Chief Quartermaster William Andrew Flaherty

Chief Quartermaster William Andrew Flaherty, a cousin on the Roche (Roach) branch of our family tree gave his life in 1944 while serving in the US Navy. William was born in Port Chester, New York and is the son of David and Mae Flaherty.  He was assigned to the Scorpion, the fifth submarine to bear that name.  The Scorpion was laid down on 20 March 1942 at the Portsmouth (N.H.) Navy Yard; launched on 20 July 1942; sponsored by Miss Elizabeth T. Monagle; and commissioned on 1 October 1942, Lt. Comdr. W. N. Wylie in command.

Departing Pearl Harbor on 29 December 1943, Scorpion (Commander M. G. Schmidt) stopped at Midway to top off with fuel, and left that place on 3 January 1944 to conduct her fourth war patrol. Her assigned area was in the northern East China and Yellow Seas.
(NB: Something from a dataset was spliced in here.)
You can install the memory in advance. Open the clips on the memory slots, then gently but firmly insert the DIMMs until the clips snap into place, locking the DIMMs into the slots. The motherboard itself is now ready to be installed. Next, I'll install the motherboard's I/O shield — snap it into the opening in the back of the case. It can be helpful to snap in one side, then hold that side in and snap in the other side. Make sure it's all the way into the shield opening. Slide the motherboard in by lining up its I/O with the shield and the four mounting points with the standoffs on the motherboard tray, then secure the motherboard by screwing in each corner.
On the morning of 5 January, Scorpion reported that one of her crew had sustained a fracture of the upper arm and requested a rendezvous with Herring (SS-233) which was returning from patrol and was near her. The rendezvous was accomplished on the afternoon of 5 January in 30°-07′N, 167°-30′E but heavy seas prevented transfer of the injured man to Herring. The latter reported this fact on 6 January, and stated “Scorpion reports case under control.” Scorpion was never seen or heard from again after her departure from the rendezvous. On 16 February 1944, Steelhead and Scorpion were warned that they were close together, and that an enemy submarine was in the vicinity.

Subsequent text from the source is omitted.